[Dataset records]

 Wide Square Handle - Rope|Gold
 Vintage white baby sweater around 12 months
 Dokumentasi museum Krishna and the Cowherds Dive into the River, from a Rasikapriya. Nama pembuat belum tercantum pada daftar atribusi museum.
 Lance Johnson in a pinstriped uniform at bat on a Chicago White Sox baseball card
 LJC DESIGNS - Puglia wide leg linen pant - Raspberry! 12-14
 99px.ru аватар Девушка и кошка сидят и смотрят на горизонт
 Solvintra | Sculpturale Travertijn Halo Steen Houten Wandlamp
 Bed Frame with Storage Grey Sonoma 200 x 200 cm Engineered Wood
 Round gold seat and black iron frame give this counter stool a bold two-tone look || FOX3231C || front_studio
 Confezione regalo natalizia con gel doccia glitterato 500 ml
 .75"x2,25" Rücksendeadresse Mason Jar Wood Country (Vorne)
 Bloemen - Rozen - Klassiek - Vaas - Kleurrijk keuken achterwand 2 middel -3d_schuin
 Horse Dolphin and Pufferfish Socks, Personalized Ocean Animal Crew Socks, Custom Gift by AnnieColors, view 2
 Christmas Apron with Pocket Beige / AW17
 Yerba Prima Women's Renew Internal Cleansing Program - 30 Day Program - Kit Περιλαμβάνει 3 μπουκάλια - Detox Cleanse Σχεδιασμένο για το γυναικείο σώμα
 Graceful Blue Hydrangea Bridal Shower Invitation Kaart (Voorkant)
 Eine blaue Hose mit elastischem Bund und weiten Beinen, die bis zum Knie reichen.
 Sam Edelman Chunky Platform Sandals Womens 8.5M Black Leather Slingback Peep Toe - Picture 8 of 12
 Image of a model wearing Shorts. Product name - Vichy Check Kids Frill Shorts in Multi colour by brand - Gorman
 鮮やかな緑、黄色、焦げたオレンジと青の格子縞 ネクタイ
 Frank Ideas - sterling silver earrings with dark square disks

(WHAT THIS TASK INVOLVES) Lines holding the word "Wood" should be copied from the entries above.

(TASK ANSWER)
 Bed Frame with Storage Grey Sonoma 200 x 200 cm Engineered Wood
 .75"x2,25" Rücksendeadresse Mason Jar Wood Country (Vorne)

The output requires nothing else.